Reputation: 14902
I have a sparse dgTMatrix from the Matrix package, that has picked up some duplicate colnames
. I want to combine these by summing the columns with the same names, forming a reduced Matrix.
I found this post, which I adapted for sparse matrix operations. But: It's still very slow on large objects. I am wondering if someone has a better solution that operates directly on the indexed elements of the sparse matrix that would be faster. For instance, A@j
indexes (from zero) the labels in A@Dimnames[[2]]

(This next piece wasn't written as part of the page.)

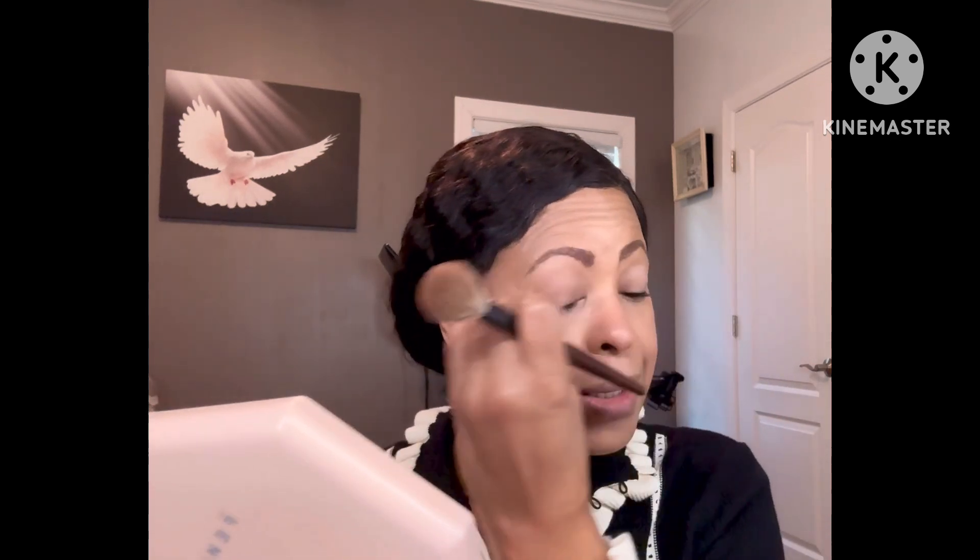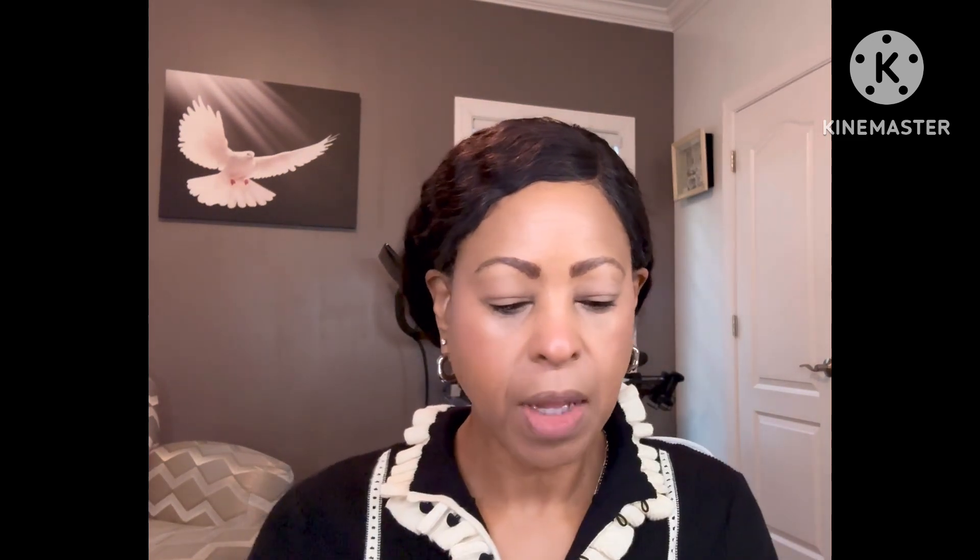I did put on the NARS eye base over my eyes. I'm going to use my Natasha Denona Dream Palette because it's right here. I'm going to do a little bit of black — just a tiny bit. This is very pigmented and I'm still getting used to using black eyeshadow. I think it's gorgeous, I just haven't played around with it enough.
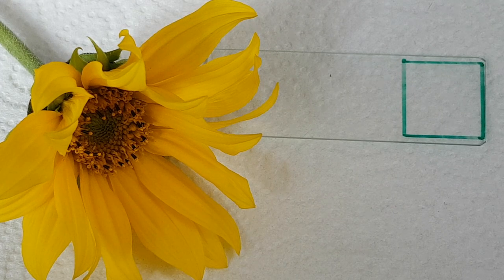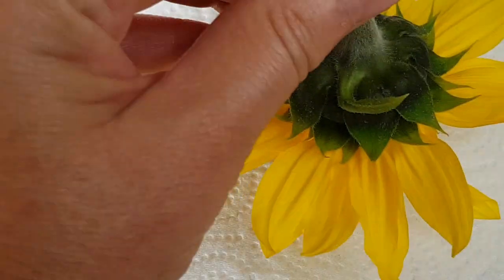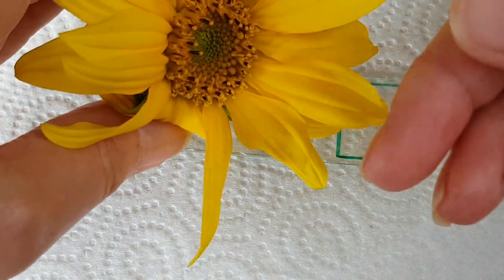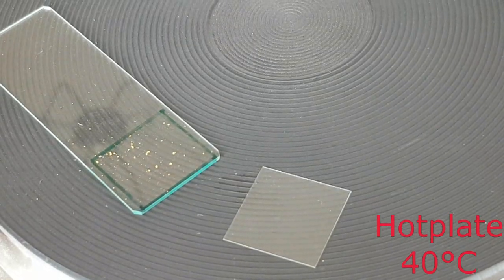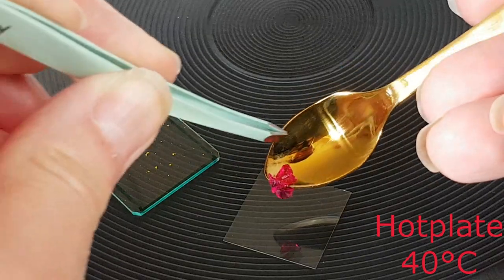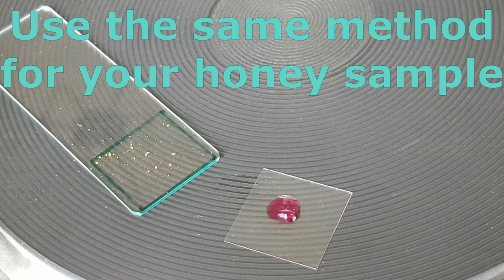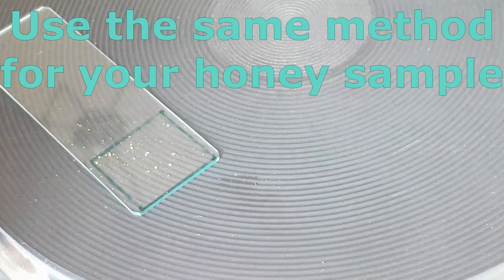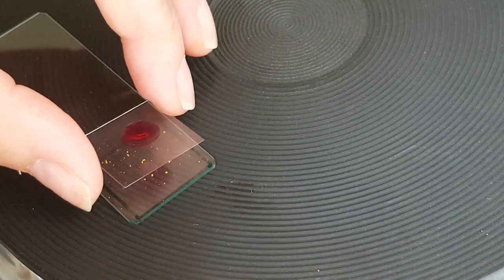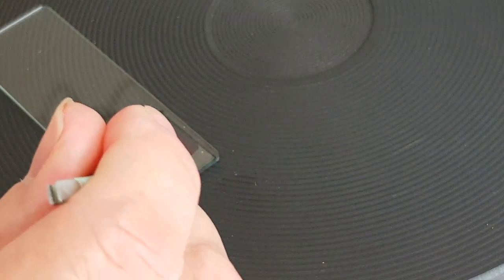Here's the sunflower. I've just prepared a slide so I can put the pollen into that little square there. I'll dismantle the flower and take the petals off so the anthers are more exposed. I'm warming through my cover slip and my slide with the pollen on it. The smallest amount of glycerin jelly goes in the middle of the slide - that will melt. The next bit is really tricky: I don't want to put my fingers over the slide, I just want to pick it up on its edges and gently place it over the top to create a nice seal. It's incredibly delicate.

, which could be compacted and used to reindex A@j
. (Note: This is why I used the triplet sparse matrix form rather than the Matrix default of column-sparse matrixes since figuring out that p
value makes my head hurt every time.)
require(Matrix)
# set up a (triplet) sparseMatrix
A <- sparseMatrix(i = c(1, 2, 1, 2, 1, 2), j = 1:6, x = rep(1:3, 2),
giveCsparse = FALSE,
dimnames = list(paste0("r", 1:2), rep(letters[1:3], 2)))
A
## 2 x 6 sparse Matrix of class "dgTMatrix"
## a b c a b c
## r1 1 . 3 . 2 .
## r2 . 2 . 1 . 3
str(A)
## Formal class 'dgTMatrix' [package "Matrix"] with 6 slots
## ..@ i : int [1:6] 0 1 0 1 0 1
## ..@ j : int [1:6] 0 1 2 3 4 5
## ..@ Dim : int [1:2] 2 6
## ..@ Dimnames:List of 2
## .. ..$ : chr [1:2] "r1" "r2"
## .. ..$ : chr [1:6] "a" "b" "c" "a" ...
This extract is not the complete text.